The Court also noted that the pass-on defense conflicted with the basic principles of antitrust law. Because those buyers subjected to the passing-on defense would have passed on the damage to their customers, who would have a tiny stake in the lawsuit and little interest in class participation, "those who violate the antitrust laws by price fixing or monopolizing would retain the fruits of their illegality because no one was available who would bring suit against them. Treble-damage actions, the importance of which the Court has many times emphasized, would be substantially reduced in effectiveness." Id. at 494. Accordingly, the Court concluded the pass-on defense was inapplicable.

A number of years later, the Court was moved to consider the application of Hanover Shoe to indirect purchasers. In Illinois Brick Co. v. Illinois, 431 U.S. 720 (1977), the State of Illinois and seven hundred local government entities brought an antitrust action against companies that manufactured and distributed concrete block. The companies sold primarily to masonry contractors who submitted bids to general contractors who, in turn, submitted bids on public contracts to the plaintiffs. The plaintiffs alleged the defendants combined and conspired to fix the prices of concrete block, which caused the plaintiffs to spend some $3 million more than they otherwise would. The plaintiffs, however, had to rely on the theory that the overcharge passed on to them through the direct purchasers, the masonry and general contractors. The defendants argued that only the direct purchasers could sue for the alleged overcharge and indirect purchasers such as the plaintiffs could not.

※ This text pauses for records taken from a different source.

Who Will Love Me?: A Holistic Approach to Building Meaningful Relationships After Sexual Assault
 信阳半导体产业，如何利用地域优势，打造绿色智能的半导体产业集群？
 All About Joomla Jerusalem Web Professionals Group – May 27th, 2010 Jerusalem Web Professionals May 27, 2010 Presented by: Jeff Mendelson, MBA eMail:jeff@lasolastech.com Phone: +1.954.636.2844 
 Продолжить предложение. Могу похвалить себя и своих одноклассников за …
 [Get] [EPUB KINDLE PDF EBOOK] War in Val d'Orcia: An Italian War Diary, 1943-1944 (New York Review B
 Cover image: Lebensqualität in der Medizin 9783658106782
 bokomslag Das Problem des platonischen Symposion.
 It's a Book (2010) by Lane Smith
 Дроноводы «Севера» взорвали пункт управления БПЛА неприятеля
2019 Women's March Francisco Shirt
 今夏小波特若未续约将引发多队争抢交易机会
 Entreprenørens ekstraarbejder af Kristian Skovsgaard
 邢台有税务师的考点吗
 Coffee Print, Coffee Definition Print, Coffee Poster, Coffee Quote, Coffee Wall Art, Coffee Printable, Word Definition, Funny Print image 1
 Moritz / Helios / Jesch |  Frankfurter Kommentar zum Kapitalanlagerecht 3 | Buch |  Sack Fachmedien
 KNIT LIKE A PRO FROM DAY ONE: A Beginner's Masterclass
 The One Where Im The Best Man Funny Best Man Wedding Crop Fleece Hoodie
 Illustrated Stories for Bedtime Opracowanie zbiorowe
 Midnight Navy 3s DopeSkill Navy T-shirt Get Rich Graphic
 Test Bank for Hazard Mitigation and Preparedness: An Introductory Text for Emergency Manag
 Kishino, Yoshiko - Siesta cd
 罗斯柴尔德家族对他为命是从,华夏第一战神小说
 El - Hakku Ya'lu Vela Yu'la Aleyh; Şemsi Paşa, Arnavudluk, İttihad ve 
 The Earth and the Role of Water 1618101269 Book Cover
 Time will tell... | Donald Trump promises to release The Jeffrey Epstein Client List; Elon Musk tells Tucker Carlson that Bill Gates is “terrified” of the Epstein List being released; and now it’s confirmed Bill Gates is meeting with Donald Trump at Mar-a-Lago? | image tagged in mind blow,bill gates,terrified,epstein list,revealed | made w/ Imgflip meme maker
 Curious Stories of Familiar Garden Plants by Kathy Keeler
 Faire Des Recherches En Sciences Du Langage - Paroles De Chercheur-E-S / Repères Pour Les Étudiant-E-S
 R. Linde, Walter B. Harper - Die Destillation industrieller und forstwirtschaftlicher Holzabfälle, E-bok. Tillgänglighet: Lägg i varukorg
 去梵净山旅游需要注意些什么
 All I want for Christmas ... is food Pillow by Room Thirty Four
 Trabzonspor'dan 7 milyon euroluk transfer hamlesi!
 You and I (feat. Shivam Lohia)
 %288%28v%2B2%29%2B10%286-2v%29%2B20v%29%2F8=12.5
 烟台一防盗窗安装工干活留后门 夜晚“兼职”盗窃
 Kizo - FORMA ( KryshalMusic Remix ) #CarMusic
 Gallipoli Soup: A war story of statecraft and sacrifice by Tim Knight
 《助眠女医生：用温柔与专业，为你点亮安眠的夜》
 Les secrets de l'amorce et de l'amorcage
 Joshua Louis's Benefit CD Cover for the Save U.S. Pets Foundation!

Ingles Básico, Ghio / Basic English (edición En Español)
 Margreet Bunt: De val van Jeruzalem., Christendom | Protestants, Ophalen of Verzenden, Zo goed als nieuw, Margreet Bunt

The Supreme Court agreed with the defendants and held that indirect purchasers may not rely on an offensive pass-on theory. The Court, relying on Hanover Shoe, concluded "allowing offensive but not defensive use of pass-on would create a serious risk of multiple liability for defendants." Id. at 730. The direct purchaser could sue for full recovery and then the indirect purchasers could sue for the same amount. The Court stated it was unwilling to "open the door" to duplicative recoveries. Id. at 731. Moreover, the reasoning underlying Hanover Shoe applies less forcefully in the indirect purchaser context:

The principal basis for the decision in Hanover Shoe was the Court's perception of the uncertainties and difficulties in analyzing price and out-put decisions "in the real economic world rather than an economist's hypothetical model," 392 U.S., at 493, 88 S.Ct., at 2231 and of the costs to the judicial system and the efficient enforcement
of the antitrust laws of attempting to reconstruct those decisions in the courtroom.
Id. at 731-32. This reasoning "applies with no less force to the assertion of pass-on theories by plaintiffs" than in the defensive context, and the problems associated with the defensive theory would be as burdensome in the plaintiff context, maybe worse. Id. at 732. And preventing indirect purchasers from bringing a pass-on claim does not allow violators to enjoy "the fruits of their illegality" because "Hanover Shoe . . . rest[ed] on the judgment that the antitrust laws will be more effectively enforced by concentrating the full recovery for the overcharge in the direct purchasers rather than by allowing every plaintiff potentially affected by the overcharge to sue only for the amount it could show was absorbed by it." Id. at 734-35.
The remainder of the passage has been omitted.